_What you will do:_
No pictures belong in the copy. Retype exactly, and only, the stretch of lines below from the one with "Интерьерный дизайнерский постер" through the one with "Sterling Silver Divine".

Captioned web image data
--

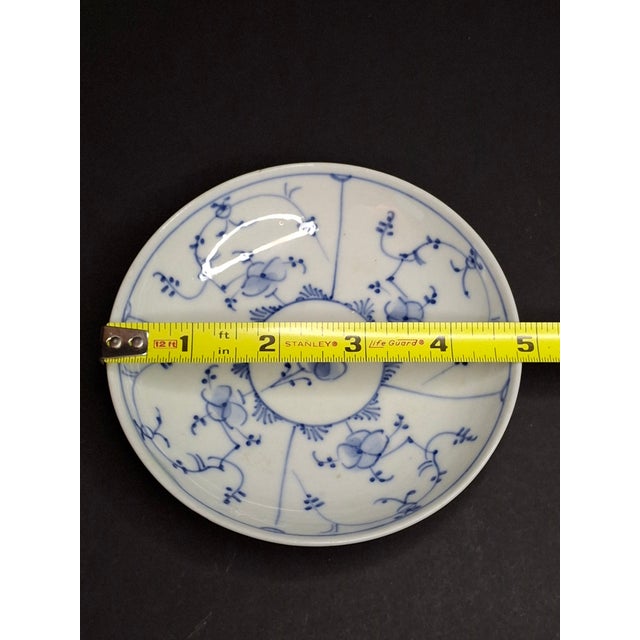 Antique Royal Copenhagen Blue Fluted Tea Bowl Saucer Late 18th Century 3 Waves Mark For Sale - Image 9 of 10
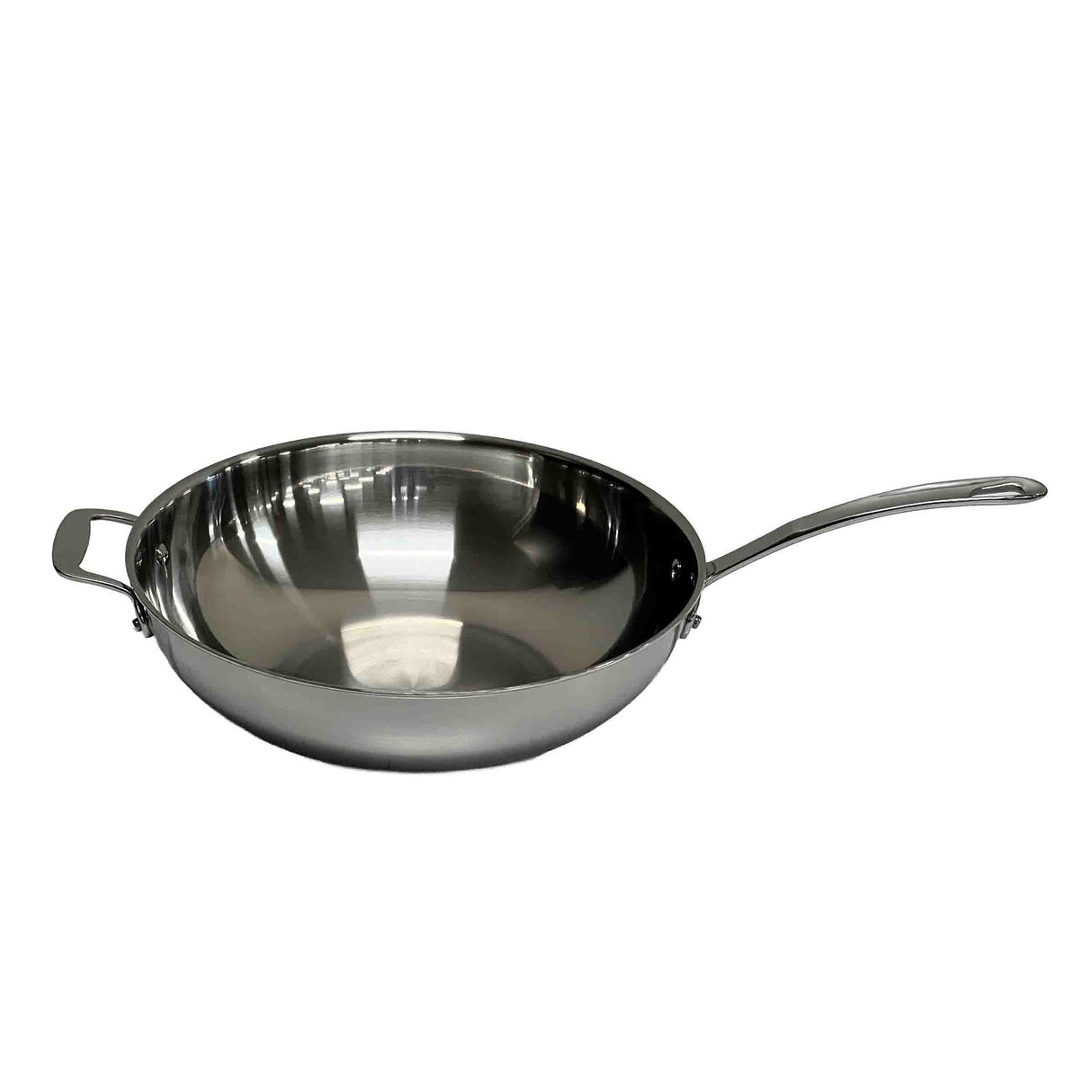 A shiny Tri-Ply stainless steel induction wok with a long handle and a smaller helper handle is shown on a plain white background. Its wide, deep bowl is ideal for stir-frying, general cooking, and is dishwasher safe for easy cleanup.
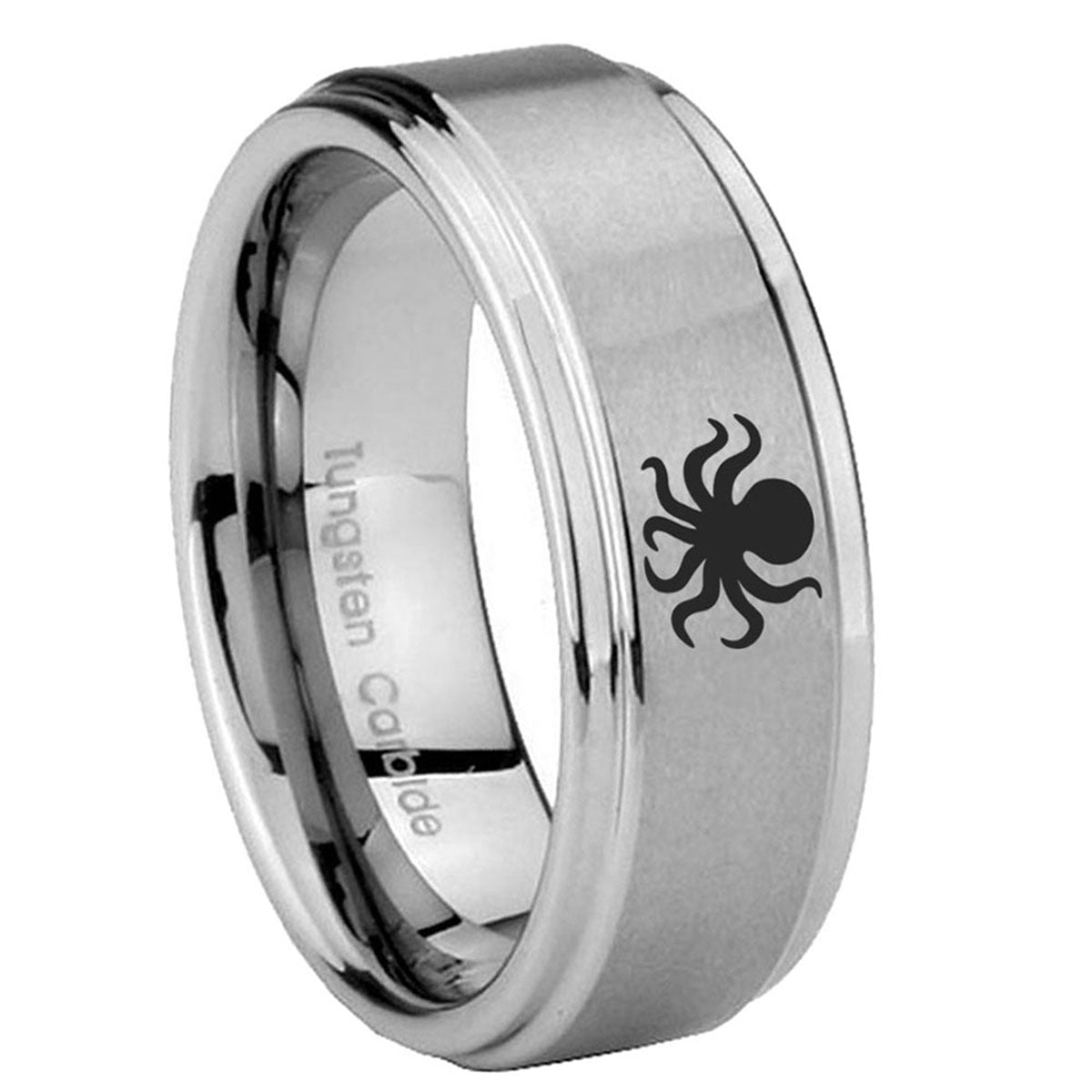 8mm Octopus Step Edges Brushed Silver Tungsten Men Bands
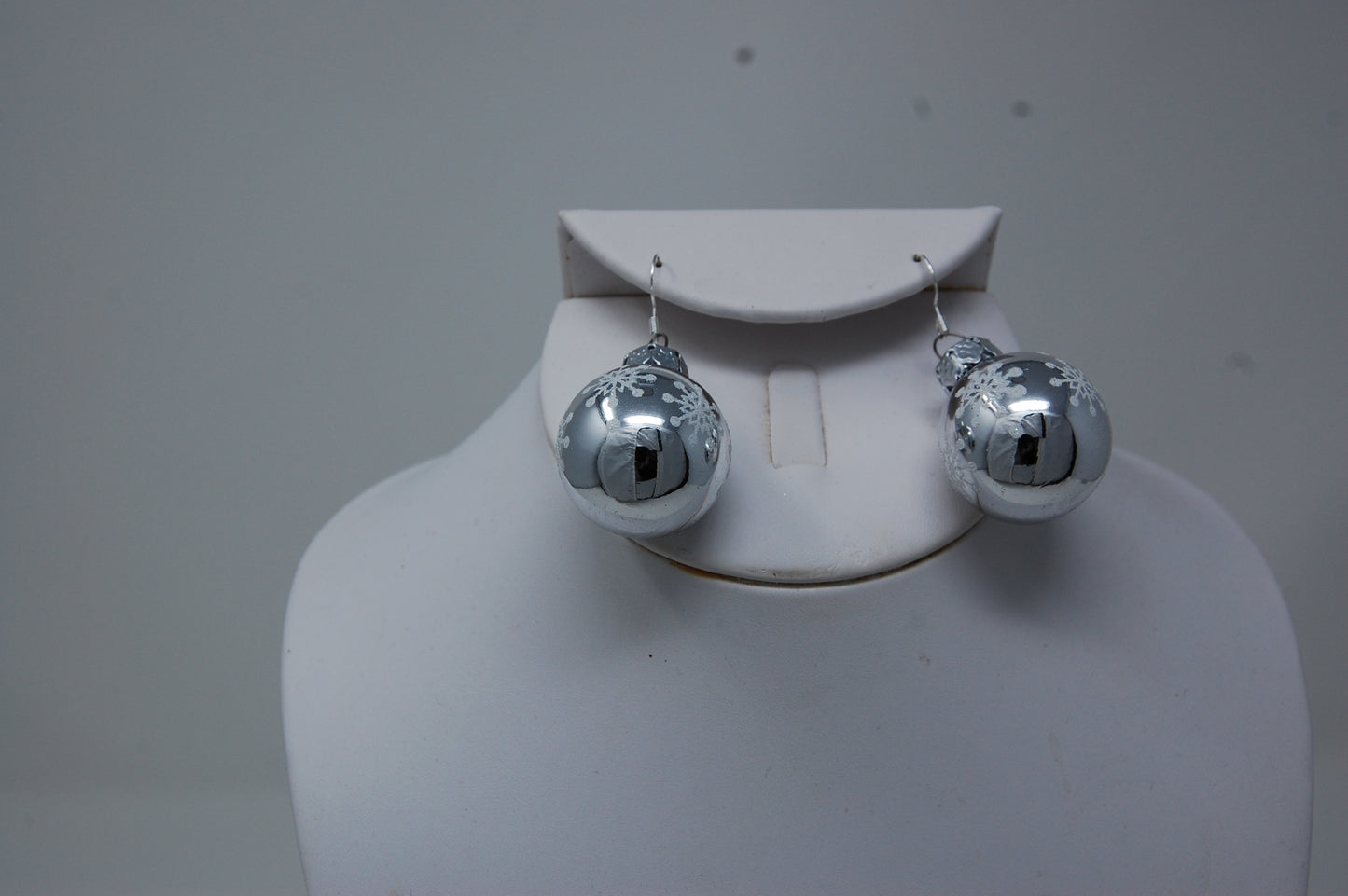 Shiny Silver with Small White Snowflakes Ornament Dangle Earrings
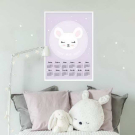 Интерьерный дизайнерский постер "Календарь с Мышонком" (размер А3)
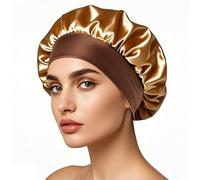 iLamvie Cuffia Seta Capelli Ricci,Silk Bonnet,Berretto Da Notte Raso Elastico Per Dormire Cappello Da Notte Per Donna Berretto Da Notte Raso Per Donna Ragazza(oro)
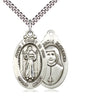 Sterling Silver Divine Mercy Pendant Necklace 1 1/8 x 5/8 inches with 24 inch chain by Bliss Manufacturing USA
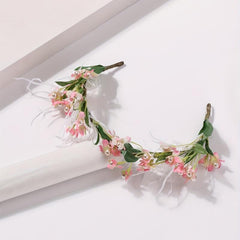 Faux Ostrich Decor Wreath Floral Tiara Headband for Wedding Party Girls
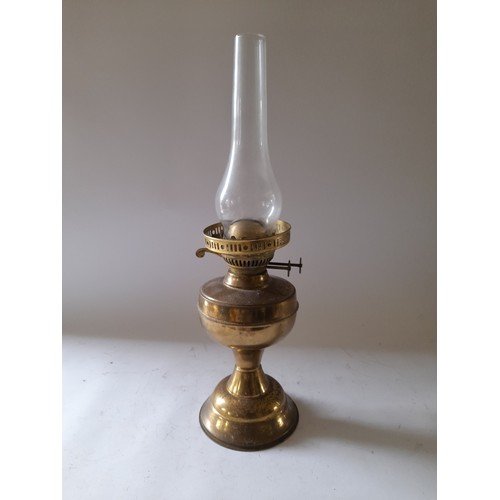 281 - Brass Oil Lamp, total height 47cm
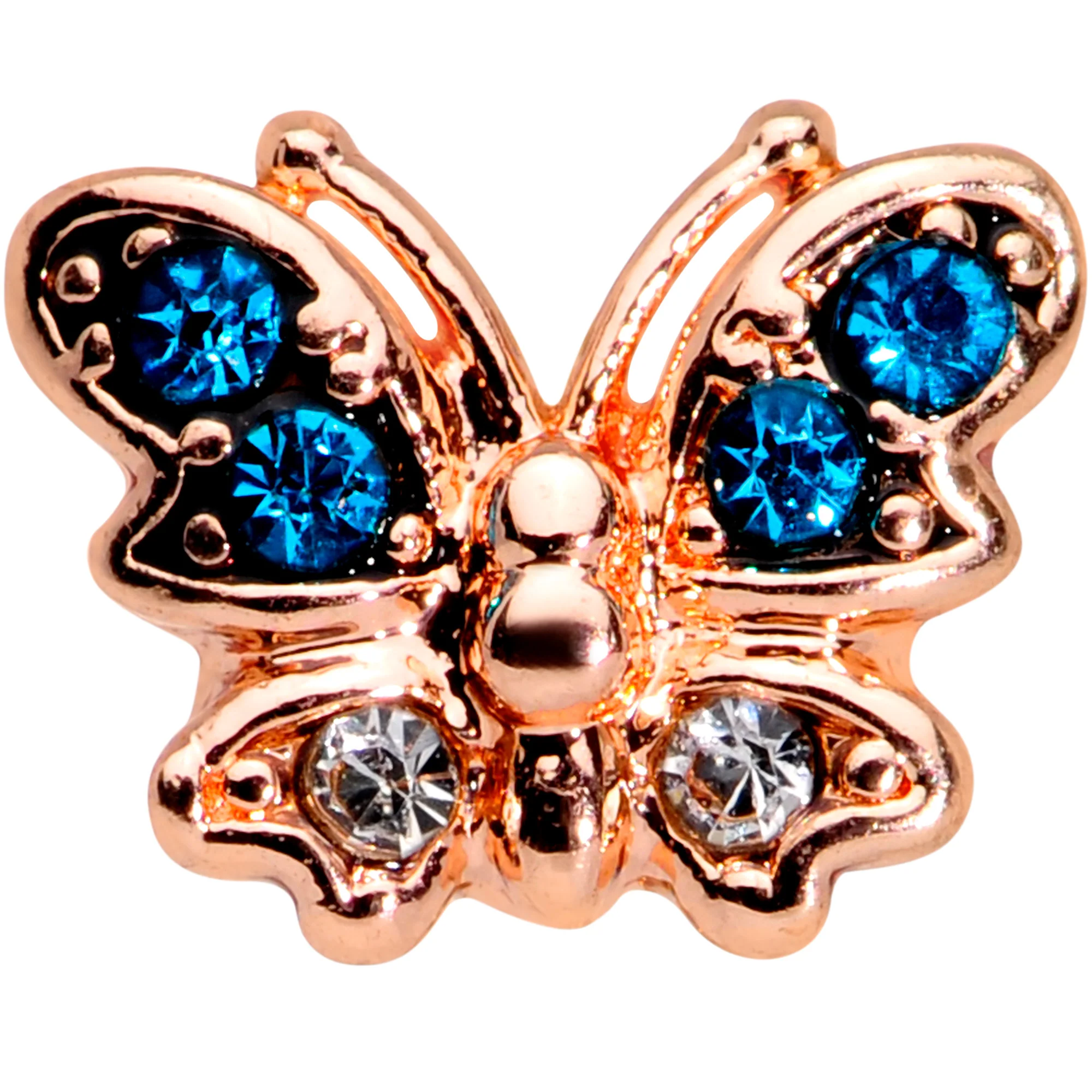20G 5/16 Clear Blue Gem Rose Gold Tone Glam Butterfly Nose Hoop - Image 2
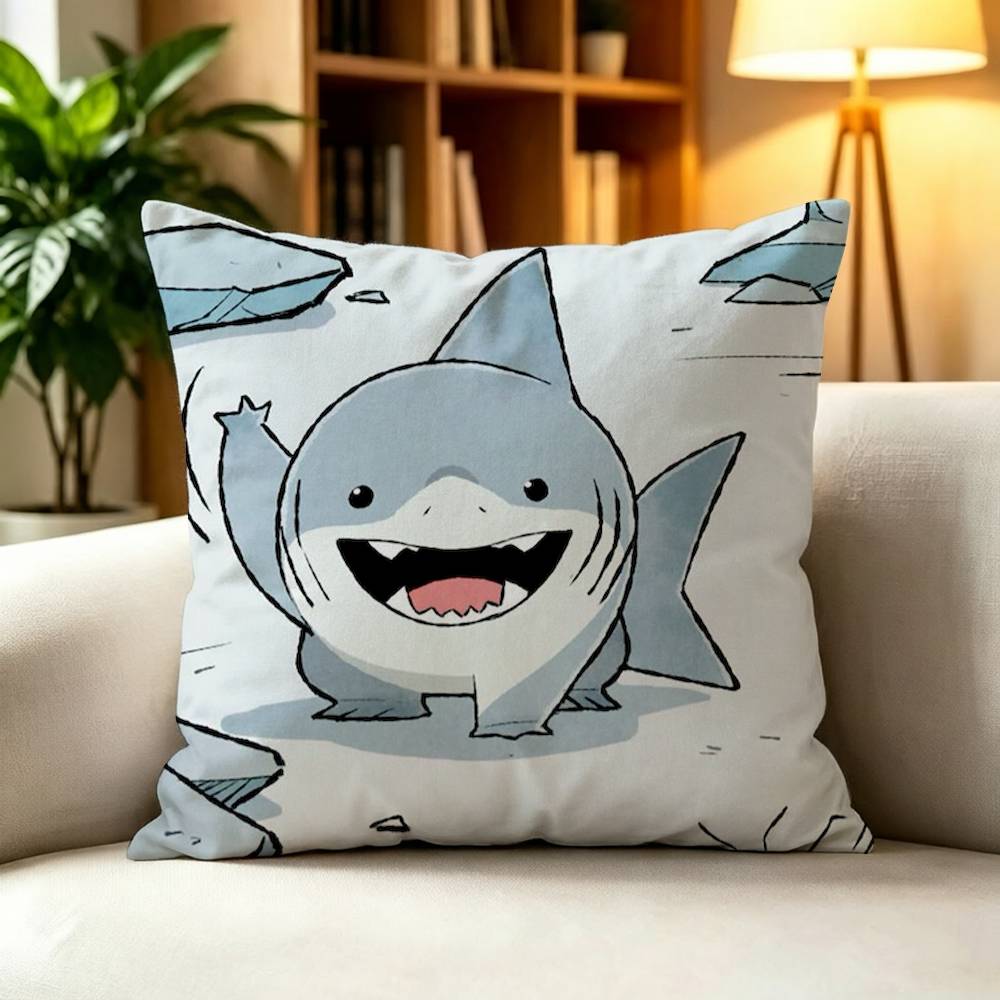 J-Jeff The Land S-Shark Double-Sided Printed Cushion Cover Bedroom Bedside Sofa Pillow Case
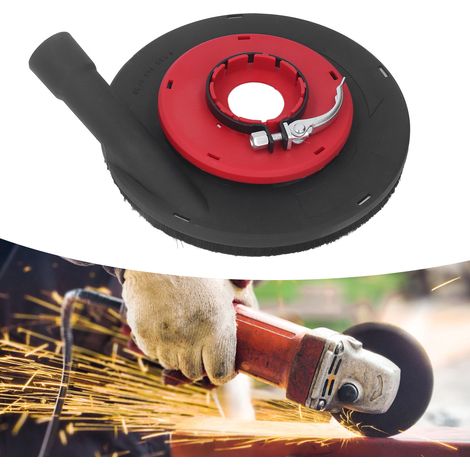 Protector antipolvo para amoladoras angulares de 230 mm: accesorio de protección y amolado para piedra y hormigón. Material: rojo y negro, PA6. (1/5)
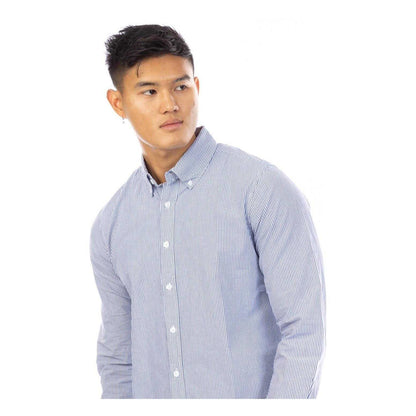 Navy-White - Side - Peter Werth Mens Button-Down Shirt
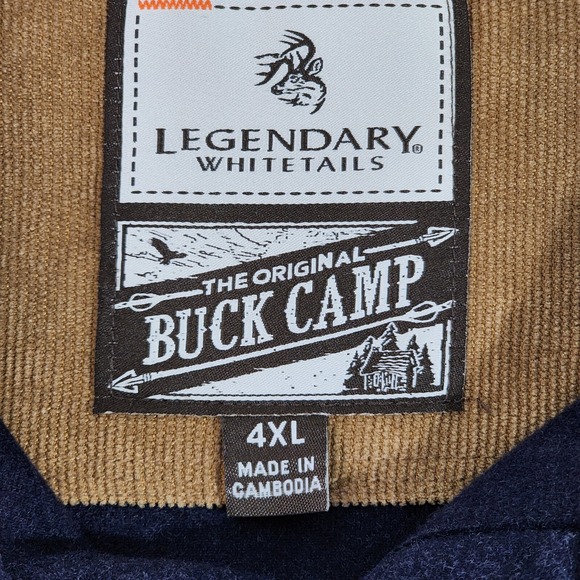 Legendary Whitetails Shirt Mens Size 4XL Blue The Original‎ Buck Camp Flannel - Picture 16 of 16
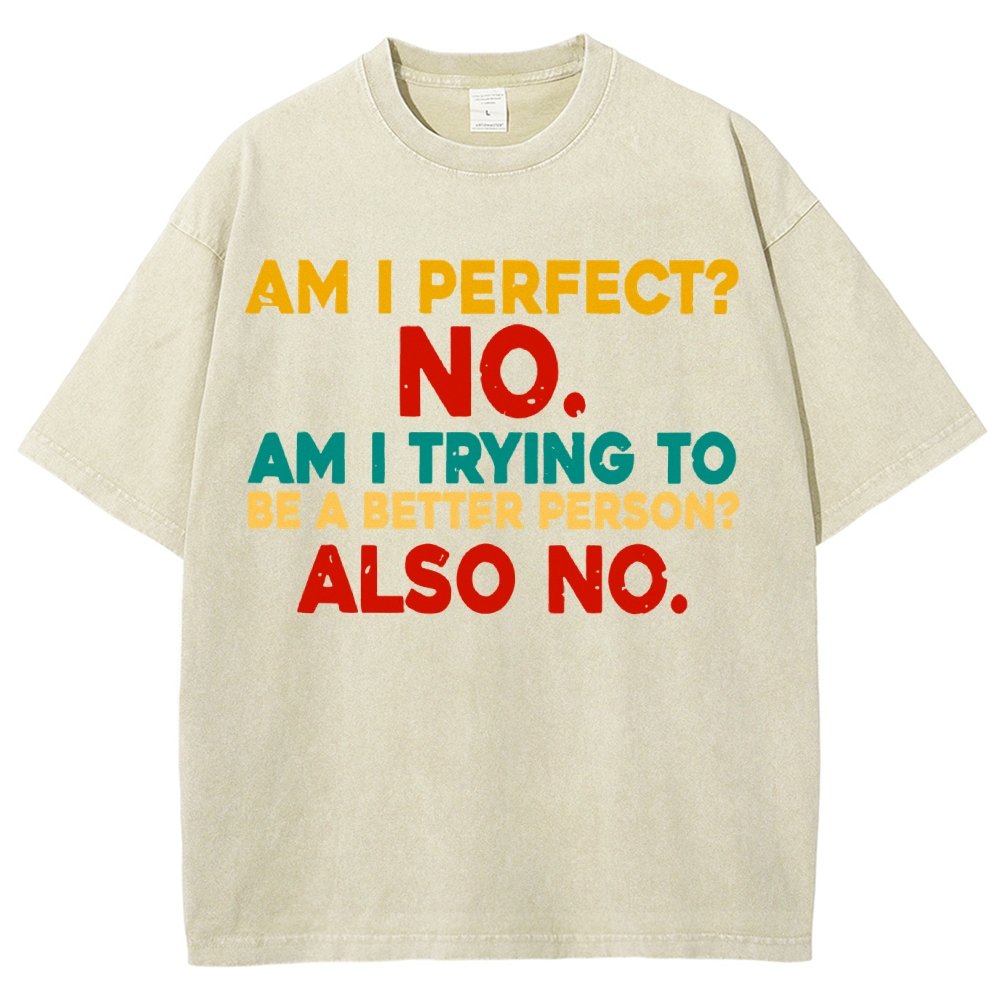 Am I Perfect No Am I Trying To Be A Better Person Also No Funny Quote Vintage Distressed T-shirt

--

_Solution to this exercise:_
 Интерьерный дизайнерский постер "Календарь с Мышонком" (размер А3)
 iLamvie Cuffia Seta Capelli Ricci,Silk Bonnet,Berretto Da Notte Raso Elastico Per Dormire Cappello Da Notte Per Donna Berretto Da Notte Raso Per Donna Ragazza(oro)
 Sterling Silver Divine Mercy Pendant Necklace 1 1/8 x 5/8 inches with 24 inch chain by Bliss Manufacturing USA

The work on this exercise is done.